The defendants then put in evidence two deeds of trust, executed by D. W. Rogers, to secure certain debts, one in November, 1853, and the other in February, 1854, which included all the property owned by him in Robeson county. It was admitted that this property had all been sold by the trustee, and that there would probably be a small balance after the debts were paid.

The Court charged the jury "that the plaintiff had failed to establish the liability of either of the defendants, under the first count in the declaration, and that the plaintiff was *Page 93 not entitled to recover against either of the defendants on the count on the Statute." That if they believed the evidence, the plaintiff was entitled to recover nominal damages on the count at common law against the defendant Calvin J. Rogers, but was not entitled to recover anything against the defendant Benjamin. Plaintiff excepted to this charge.

The jury found a verdict against Calvin J. Rogers for sixpence, and in favor of the defendant Benjamin.

Judgment. Appeal by plaintiff. One aids or assists a debtor, who is temporarily absent, on business, from the county of his residence, to abscond, or go to parts unknown, for the purpose of defrauding his creditors: to this end, he supplies him with money to enable him to pay his travelling expenses, goes a part of the way with him, persuades him not to go back home, and to prevent the necessity of his doing so, promises that he will go there, and forward his property to him, which he accordingly does; is the party liable within the meaning of the statute?

His Honor thought he was not; putting his opinion on the ground that the statute only applied to cases where the debtor was in the county of his residence, at the time the aid and assistance were rendered. We do not concur. The words are, "shall remove, or aid and assist in removing any debtor out of the county in which he resides." The question turns upon the meaning of the word remove; for it is clear, if the debtor had been at home when these matters occurred, or gone back before he started away, the case would have come within the meaning of the statute.
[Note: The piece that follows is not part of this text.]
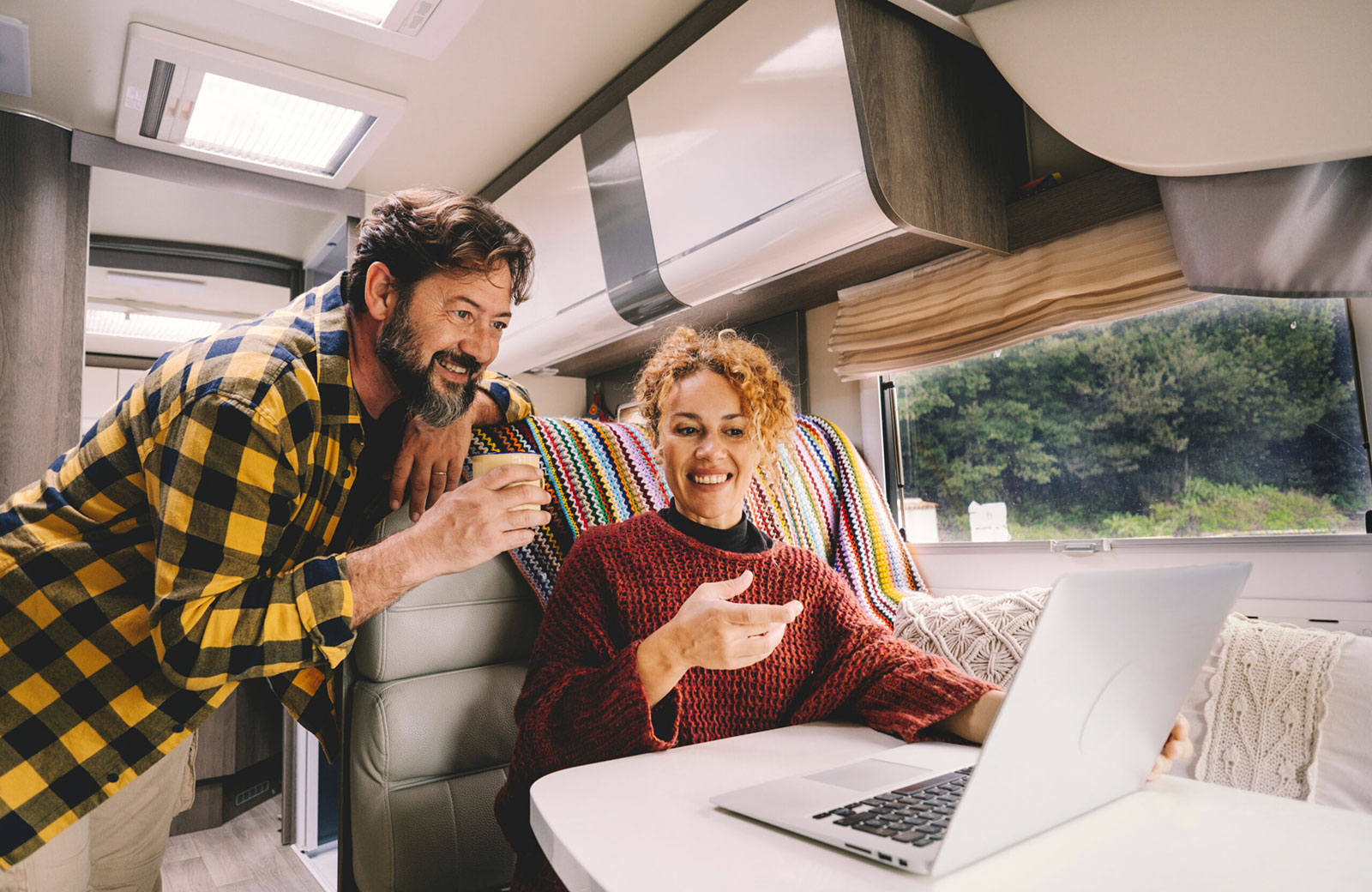 Couple relaxes inside of their luxury RV in bright fall colored clothing, while checking their laptop on vacation after an easy adventure launch from Waypoint Storage.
Did the debtor in common parlance, remove from the county of his residence, or from the county in which he happened to be when he started? One removes when he changes his domicil. The word does not mean simply going out of, or leaving a county. In our case the debtor went out of the *Page 94 county of Robeson to the county of New Hanover, but that did not amount to a removal. He removed when he changed his domicil. In common parlance, heran away from the latter, but he removed from the former. Suppose he is asked in Texas, "from what county of North Carolina did you remove?" His answer would be, "from Robeson."

A consideration in support of this construction is suggested by another part of the statute; actions are given to creditors to whom debts are owing in the county from which the debtor is so removed. Does this mean the creditors of the county in which the debtor happens to be when he takes his departure? Certainly not. His being there is accidental. He may have no creditors there, and if he has, they have no particular right to complain if he goes out of the county. Whereas his creditors are apt to be in the county of his residence, and they have a special right to complain if he fraudulently changes his domicil. So, it is clear the object of the statute was to protect them. Now the injury to them is just as great if the debtor is enabled, by aid and assistance rendered to him, to take his departure from a county where he happened to be, as if he had started from home. The case falling within the mischief intended to be remedied, comes within the meaning of the statute. Can any reason be suggested why the creditor shall lose his remedy, because of the accident that his debtor is absent from home when he forms the resolution to abscond?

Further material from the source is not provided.